▶ Prompt: Return the records exactly, from the first line through the "Кухонный нож Victorinox" line.

▶ Source data:
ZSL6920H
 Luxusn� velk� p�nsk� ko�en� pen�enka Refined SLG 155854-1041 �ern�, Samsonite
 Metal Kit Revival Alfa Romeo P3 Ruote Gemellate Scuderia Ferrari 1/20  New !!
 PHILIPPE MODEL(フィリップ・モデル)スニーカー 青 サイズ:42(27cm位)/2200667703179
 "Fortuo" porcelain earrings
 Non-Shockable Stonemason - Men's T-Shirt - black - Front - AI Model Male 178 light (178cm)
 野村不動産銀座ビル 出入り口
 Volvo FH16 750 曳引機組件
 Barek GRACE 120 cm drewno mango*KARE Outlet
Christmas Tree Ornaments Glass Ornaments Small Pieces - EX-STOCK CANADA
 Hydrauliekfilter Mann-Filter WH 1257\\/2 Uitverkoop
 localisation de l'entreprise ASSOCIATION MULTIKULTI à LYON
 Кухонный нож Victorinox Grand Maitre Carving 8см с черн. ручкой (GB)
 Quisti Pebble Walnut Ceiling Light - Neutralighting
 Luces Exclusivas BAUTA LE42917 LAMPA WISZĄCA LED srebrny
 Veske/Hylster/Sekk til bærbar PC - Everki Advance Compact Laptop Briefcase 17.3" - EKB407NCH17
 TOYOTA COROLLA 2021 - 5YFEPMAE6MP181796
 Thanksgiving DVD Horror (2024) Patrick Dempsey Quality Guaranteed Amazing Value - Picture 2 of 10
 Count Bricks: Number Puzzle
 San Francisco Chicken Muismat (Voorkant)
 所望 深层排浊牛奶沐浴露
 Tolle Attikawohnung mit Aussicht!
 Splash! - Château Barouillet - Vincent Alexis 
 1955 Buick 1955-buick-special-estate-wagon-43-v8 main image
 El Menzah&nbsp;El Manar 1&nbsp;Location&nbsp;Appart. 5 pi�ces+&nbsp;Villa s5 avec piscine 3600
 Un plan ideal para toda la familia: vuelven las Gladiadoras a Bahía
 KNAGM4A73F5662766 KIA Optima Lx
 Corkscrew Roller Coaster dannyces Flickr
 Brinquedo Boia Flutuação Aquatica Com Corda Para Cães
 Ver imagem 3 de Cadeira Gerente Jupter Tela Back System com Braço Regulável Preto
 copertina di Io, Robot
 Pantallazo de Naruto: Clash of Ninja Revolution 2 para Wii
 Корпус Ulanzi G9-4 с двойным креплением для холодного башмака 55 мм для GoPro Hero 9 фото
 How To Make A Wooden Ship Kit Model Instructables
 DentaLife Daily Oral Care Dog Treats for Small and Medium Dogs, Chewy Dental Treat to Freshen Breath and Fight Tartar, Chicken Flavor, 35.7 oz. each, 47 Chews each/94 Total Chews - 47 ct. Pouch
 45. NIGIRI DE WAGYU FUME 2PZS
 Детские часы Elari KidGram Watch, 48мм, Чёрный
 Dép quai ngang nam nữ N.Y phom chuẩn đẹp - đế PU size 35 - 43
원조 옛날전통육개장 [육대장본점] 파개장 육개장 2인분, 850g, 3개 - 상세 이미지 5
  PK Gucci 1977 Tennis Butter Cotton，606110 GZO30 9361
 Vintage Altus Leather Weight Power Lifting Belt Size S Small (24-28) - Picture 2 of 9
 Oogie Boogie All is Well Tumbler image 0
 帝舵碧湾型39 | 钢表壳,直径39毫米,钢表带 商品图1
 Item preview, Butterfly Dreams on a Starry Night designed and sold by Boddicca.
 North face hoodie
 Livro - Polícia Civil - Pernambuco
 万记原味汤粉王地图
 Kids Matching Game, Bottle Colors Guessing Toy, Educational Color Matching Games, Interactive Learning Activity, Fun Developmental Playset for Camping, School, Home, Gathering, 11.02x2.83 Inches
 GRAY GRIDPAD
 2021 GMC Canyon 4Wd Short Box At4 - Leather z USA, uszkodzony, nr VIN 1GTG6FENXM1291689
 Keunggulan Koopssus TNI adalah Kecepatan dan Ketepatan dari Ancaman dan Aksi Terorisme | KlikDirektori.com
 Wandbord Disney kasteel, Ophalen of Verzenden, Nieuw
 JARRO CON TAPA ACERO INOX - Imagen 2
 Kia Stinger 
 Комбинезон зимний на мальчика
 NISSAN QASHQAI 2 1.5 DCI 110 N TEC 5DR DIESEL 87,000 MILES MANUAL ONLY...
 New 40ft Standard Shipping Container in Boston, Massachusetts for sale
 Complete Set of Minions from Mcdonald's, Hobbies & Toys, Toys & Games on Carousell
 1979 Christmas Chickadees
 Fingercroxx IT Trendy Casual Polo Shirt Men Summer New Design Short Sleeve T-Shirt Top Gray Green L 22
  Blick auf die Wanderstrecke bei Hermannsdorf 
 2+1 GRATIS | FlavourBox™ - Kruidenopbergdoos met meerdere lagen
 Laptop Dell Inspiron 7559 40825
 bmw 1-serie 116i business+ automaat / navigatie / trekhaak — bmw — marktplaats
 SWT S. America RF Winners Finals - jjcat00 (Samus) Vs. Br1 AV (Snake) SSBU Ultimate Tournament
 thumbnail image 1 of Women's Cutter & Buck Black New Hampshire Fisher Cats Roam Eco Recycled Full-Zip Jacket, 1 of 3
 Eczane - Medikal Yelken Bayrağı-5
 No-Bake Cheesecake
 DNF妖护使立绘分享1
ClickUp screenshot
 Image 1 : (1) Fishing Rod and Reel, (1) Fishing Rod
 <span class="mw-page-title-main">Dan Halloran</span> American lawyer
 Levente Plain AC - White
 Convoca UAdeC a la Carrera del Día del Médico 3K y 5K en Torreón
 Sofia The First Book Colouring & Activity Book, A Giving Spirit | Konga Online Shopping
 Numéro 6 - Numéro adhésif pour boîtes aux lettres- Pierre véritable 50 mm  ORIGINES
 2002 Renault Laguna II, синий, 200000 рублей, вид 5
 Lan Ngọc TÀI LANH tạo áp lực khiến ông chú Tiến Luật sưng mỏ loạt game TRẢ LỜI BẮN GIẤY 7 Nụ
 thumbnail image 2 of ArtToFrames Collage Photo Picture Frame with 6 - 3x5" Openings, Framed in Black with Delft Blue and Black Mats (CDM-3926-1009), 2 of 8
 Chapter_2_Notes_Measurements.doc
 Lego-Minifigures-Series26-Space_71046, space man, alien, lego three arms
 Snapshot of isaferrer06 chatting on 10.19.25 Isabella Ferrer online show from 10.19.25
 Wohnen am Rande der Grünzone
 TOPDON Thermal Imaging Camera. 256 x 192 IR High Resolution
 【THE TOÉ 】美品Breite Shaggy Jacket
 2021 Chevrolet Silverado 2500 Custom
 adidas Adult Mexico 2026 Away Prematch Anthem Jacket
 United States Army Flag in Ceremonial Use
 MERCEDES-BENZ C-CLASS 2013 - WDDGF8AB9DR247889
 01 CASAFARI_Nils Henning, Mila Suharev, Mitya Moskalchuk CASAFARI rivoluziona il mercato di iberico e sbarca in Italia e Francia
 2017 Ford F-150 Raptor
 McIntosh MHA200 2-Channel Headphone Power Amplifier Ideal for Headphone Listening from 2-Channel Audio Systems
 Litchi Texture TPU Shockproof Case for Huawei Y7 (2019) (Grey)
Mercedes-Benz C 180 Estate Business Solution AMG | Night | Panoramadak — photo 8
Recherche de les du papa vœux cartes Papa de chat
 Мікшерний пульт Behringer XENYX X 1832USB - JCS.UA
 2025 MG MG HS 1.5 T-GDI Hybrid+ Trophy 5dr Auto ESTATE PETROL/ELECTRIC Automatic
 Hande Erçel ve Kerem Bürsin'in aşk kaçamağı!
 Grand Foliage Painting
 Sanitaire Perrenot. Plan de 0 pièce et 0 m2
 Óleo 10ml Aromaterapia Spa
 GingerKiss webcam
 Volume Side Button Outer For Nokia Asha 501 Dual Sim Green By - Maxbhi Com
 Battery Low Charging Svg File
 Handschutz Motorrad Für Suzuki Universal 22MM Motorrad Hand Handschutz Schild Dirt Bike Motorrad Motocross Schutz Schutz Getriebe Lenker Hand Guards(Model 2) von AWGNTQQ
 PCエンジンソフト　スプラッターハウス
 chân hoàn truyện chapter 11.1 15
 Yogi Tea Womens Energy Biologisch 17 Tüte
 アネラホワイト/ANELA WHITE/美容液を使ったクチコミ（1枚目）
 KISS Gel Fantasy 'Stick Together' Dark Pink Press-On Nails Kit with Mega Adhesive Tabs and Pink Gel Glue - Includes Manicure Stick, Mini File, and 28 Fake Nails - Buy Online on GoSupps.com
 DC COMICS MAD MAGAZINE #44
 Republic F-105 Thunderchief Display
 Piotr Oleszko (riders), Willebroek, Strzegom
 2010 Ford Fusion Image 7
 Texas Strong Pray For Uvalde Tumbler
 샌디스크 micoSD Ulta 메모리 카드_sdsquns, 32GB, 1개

▶ Response to the task:
ZSL6920H
 Luxusn� velk� p�nsk� ko�en� pen�enka Refined SLG 155854-1041 �ern�, Samsonite
 Metal Kit Revival Alfa Romeo P3 Ruote Gemellate Scuderia Ferrari 1/20  New !!
 PHILIPPE MODEL(フィリップ・モデル)スニーカー 青 サイズ:42(27cm位)/2200667703179
 "Fortuo" porcelain earrings
 Non-Shockable Stonemason - Men's T-Shirt - black - Front - AI Model Male 178 light (178cm)
 野村不動産銀座ビル 出入り口
 Volvo FH16 750 曳引機組件
 Barek GRACE 120 cm drewno mango*KARE Outlet
Christmas Tree Ornaments Glass Ornaments Small Pieces - EX-STOCK CANADA
 Hydrauliekfilter Mann-Filter WH 1257\\/2 Uitverkoop
 localisation de l'entreprise ASSOCIATION MULTIKULTI à LYON
 Кухонный нож Victorinox Grand Maitre Carving 8см с черн. ручкой (GB)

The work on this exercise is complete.